Additionally, costs remain extremely high for CCS, although these can be expected to reduce if it is adopted as standard. Uncertainty, though, remains the order of the day; "One of the plants we are building is CCS ready, although to be quite frank, no one really knows what that is at the moment," says Steve Lennon, managing director of South Africa's Eskom, reassuringly.

'CCS ready' is rather a modest claim - just as the author of this piece is both Pulitzer prize ready, as well as winning lottery ticket ready - but, positive thinking aside, it is not clear what effect this is likely to have on my chances of getting either of those things now, or indeed, ever.

More optimistically, assuming it does work, current estimates suggest CCS power would cost in the region of 50% above the current market price for coal generated electricity - putting it on a par with wind.

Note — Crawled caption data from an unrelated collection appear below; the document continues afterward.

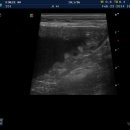 킴리동물병원 이미지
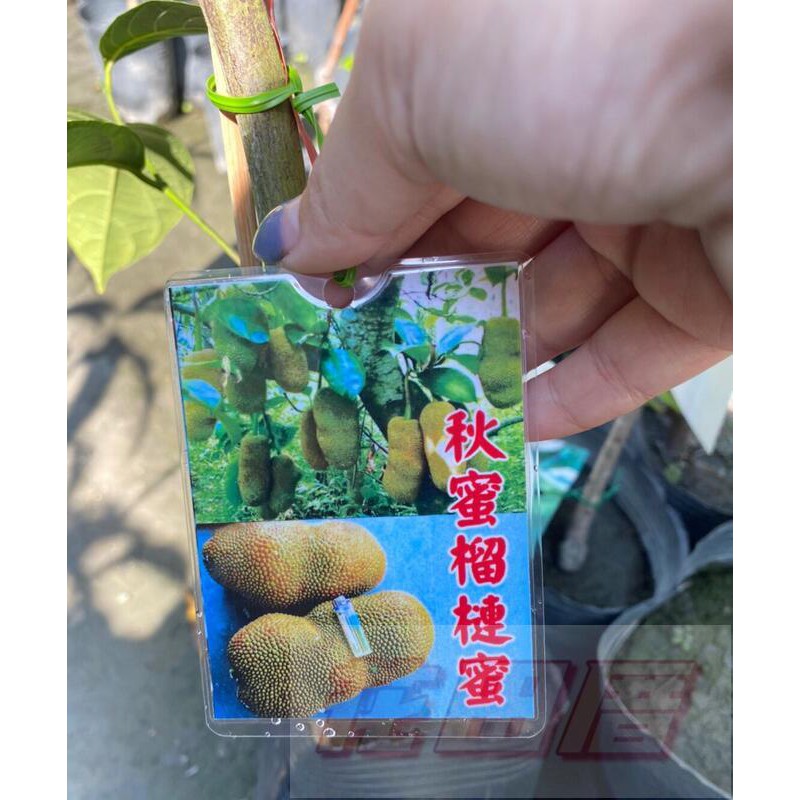 花田厝_水果果苗秋蜜榴槤蜜新品種4吋黑軟盆高30-50公分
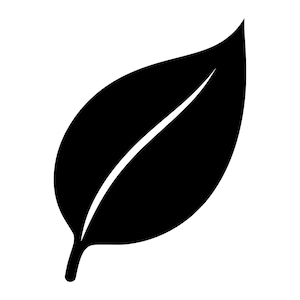 Op de afbeelding: Een effen zwart silhouet van een enkele bladvorm met een puntige top en een gebogen basis, voorzien van een centrale witte lijn die de nerf voorstelt die van de steel naar de top van het blad loopt, tegen een effen witte achtergrond.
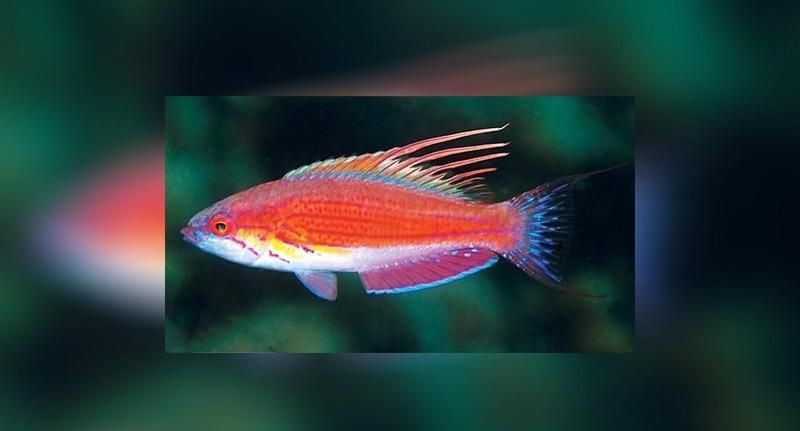 藍背魚圖片【山東釣獲罕見藍粉魚身披龍鱗紋100萬戶外蘭博萬】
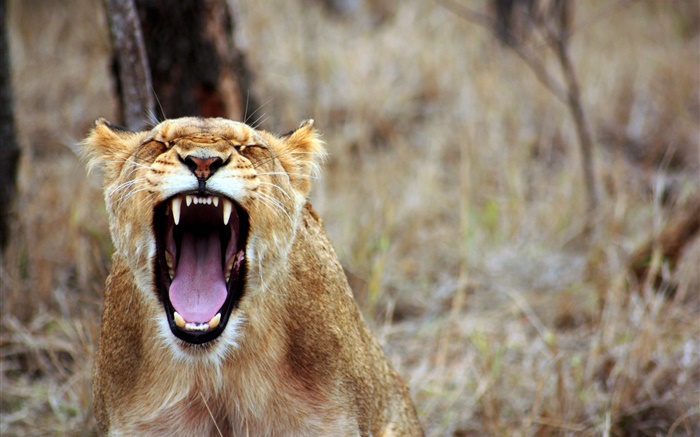 獅子打哈欠，鋒利的牙齒 桌布 圖片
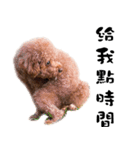 Poodle JIOU JIOU（個別スタンプ：10）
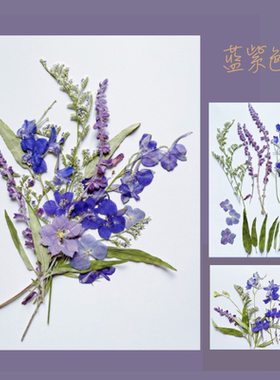 蓝紫色干花diy材料婚礼干花誓言卡压花相框押花标本画手工真树叶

One of the main ways in which the impact of coal can be mitigated is via increased efficiency. The average efficiency of coal power stations is around 31%, which means there is a vast potential to both reduce coal consumption and carbon emissions. To that end, China and the EU have entered into an agreement with the aim of building a near-zero-carbon-emissions coal-fired power station by 2020.

Germany's Energie-Fakten considers it feasible "to have 55% efficiency available for the necessary replacement and addition of coal-fired power capacity". Paul Maeder, general partner at Highland Capital, and an expert on clean coal technology, commented whilst addressing the annual National Venture Capital Association meeting in Boston, US: "Increase the efficiency of coal by 1% and you replace all the power from solar by a factor of 30." Since currently both output levels and investment in renewable energy is negligible (compared to that of fossil fuels), the importance of such innovation cannot be discounted. Some progress has already been made. Compared to 1973, it now takes one third less energy to produce a unit of GDP in international Energy Agency (IEA) economies.

Given the IEA estimate that by 2030 coal will be the primary source of 29% of the world's energy, an increased proportion compared to today, it seems clear massive and growing coal consumption is here to stay - consumption that cannot or will not be substituted by gas, oil or renewables.

One could be forgiven for viewing CCS, and perhaps efficiency increases too, as mere window dressing to facilitate the inevitable expansion of coal usage. Most of the growth in coal is set to come from India and China, as well as a smaller proportion from Africa too.

Developed nations must take the lead in reducing their own levels of carbon emissions first, but let us hope that these technologies can deliver on their promise.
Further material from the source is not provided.